As much as I want to jump right into Bitcoin trading, I know that I must do my due diligence so that I don’t get scammed as a newbie.
Since there is so much news about crytocurrency scams these days, I wanted to know what to look out for, and after a little digging I came across some very good tips.
I won a new crypto wallet last year at a conference and I already knew that the issuing company was reputable but I found out later on that you really do have to do your research to make sure your dealing with good companies right from the start. Check out reviews and talk to others that have dealt with that company directly. As far as exchanges, make sure that you are checking prices and also make sure the site starts with HTTPS which is a sign that the traffic is encrypted. If it sounds too good to be true (and promises the world) – it probably is.
Of course we all know about fake websites that bait and switch visitors but what I didn’t know was that this tactic is being used in the crypto space via social media (See video below). ICO’s – Don’t deposit your coins ANYWHERE until you fully vet the ICO that your thinking of investing with. READ the white paper carefully.
It’s interesting that I was looking into mining just a few weeks ago. Turns out this is also an area where you really have do your homework and be realistic about returns on investment since they will probably go down a little over time and you have to be wary of sites that promise you otherwise.
I’ve ultimately decided that I’m going to read a few crypto articles everyday along with my favorite blogs so that I can start to spot things that would stand out as a red flag right away. I also read Investopedia for all things financial. They have some great articles on crypto as well.

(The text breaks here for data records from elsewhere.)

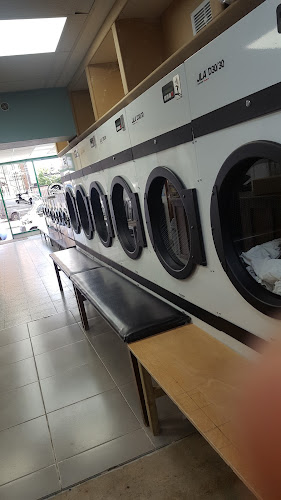 Luxury Laundry - Laundry service
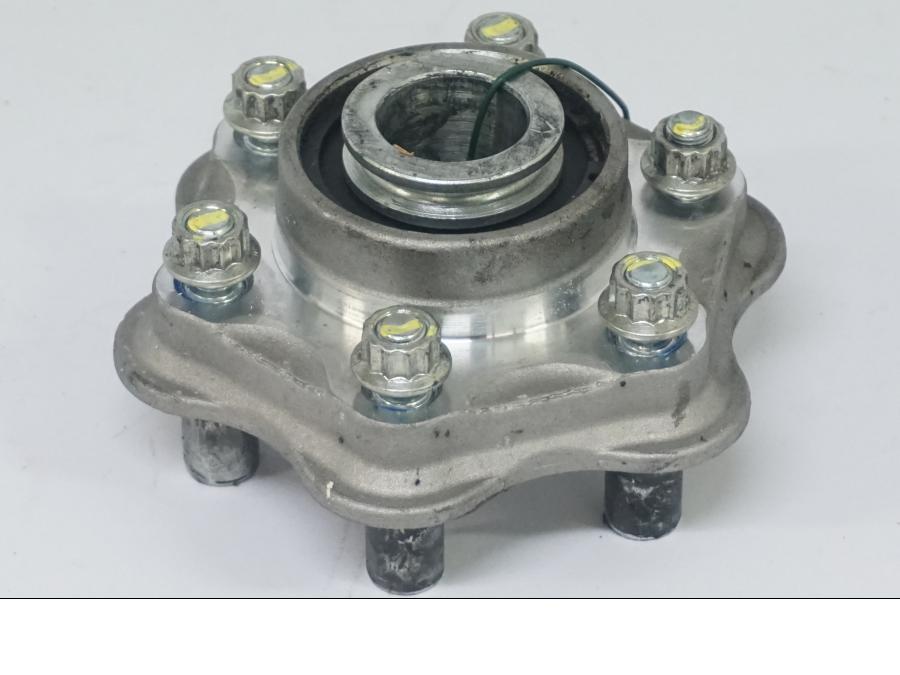 Framsidan på Drevfäste från en Ducati Desert X -2022 motorcykel.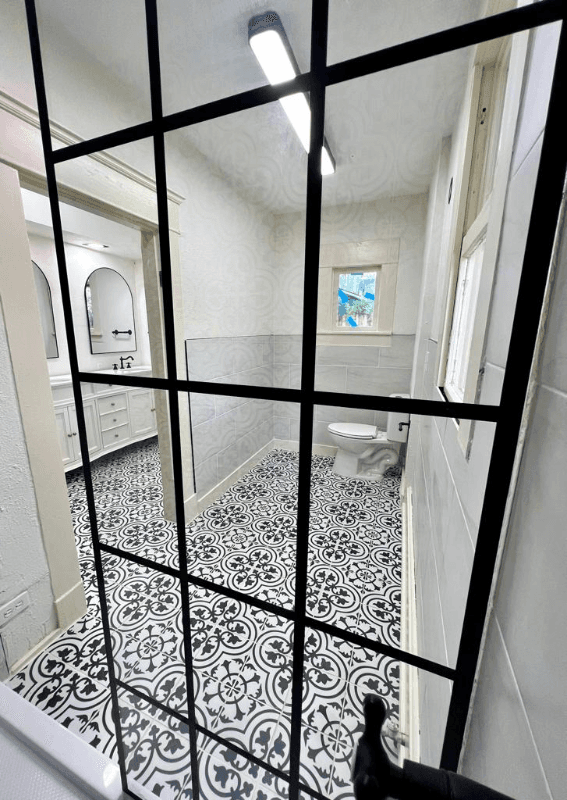 Waxahachie House: 417 W Franklin St, TX,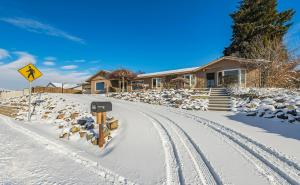 冬天的East Wenatchee Oasis 4BR, Pool, Hot Tub, Loop Trail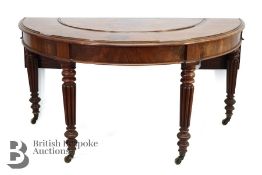Regency Mahogany Hunt Table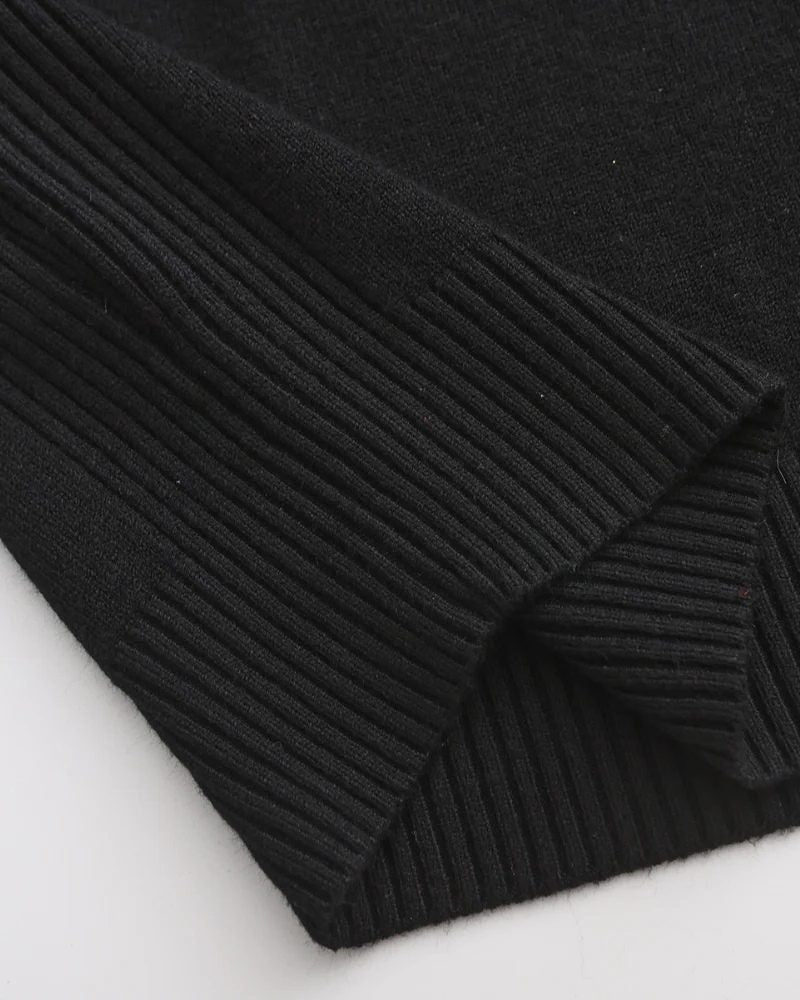 Fine-Knit Roll-Neck Jumper with Ribbed Cuffs - Black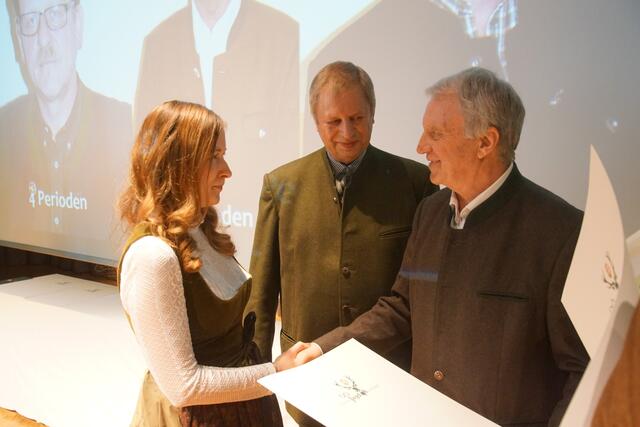 Für seine zwölfjährige Tätigkeit als Jagdleiter wurde  Wilhelm Hartl von der Genossenschaftsjagd Niederwaldkirchen ausgezeichnet | Foto: Helmut Eder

Last weekend I went to a crypto meetup where the topic was atomic swaps. Of course I had no idea what this was so I was totally intrigued.
Atomic swaps are basically a way for 2 parties to swap different cryptocurrencies on their own without the need for an exchange which we all know can come with high fees and wait times. The “swap” on the other hand can be done without the need of an exchange or miners being involved. This kind of swap also has no to low transaction fees and can be done on or off the blockchain. The basic idea is sort of like a 3-way handshake between both parties that want to set up a transaction between themselves. Once they decide what they want to trade, they set up a contract that cannot be broken and only completes when both parties get what they agreed to.
Right now the only catch of these transactions are that:
Both currencies support HTLC
Both have the same hashing algorithm
This transaction is possible through a process called Hashed Timelock Contracts(HTLCs). Both parties agree to predetermined contract that is set up for them to verify the transaction and trade their coins through a secret channel that only they have access to. A more detailed explanation can be found at Blockgeeks website.
I thought this was pretty cool because this a great way to get something that you want without going through a lot of hassle and paying a lot of money in fees. The technology is still fairly new but there have been successful swaps and I’m definitely looking forward to more news on swaps in the coming year.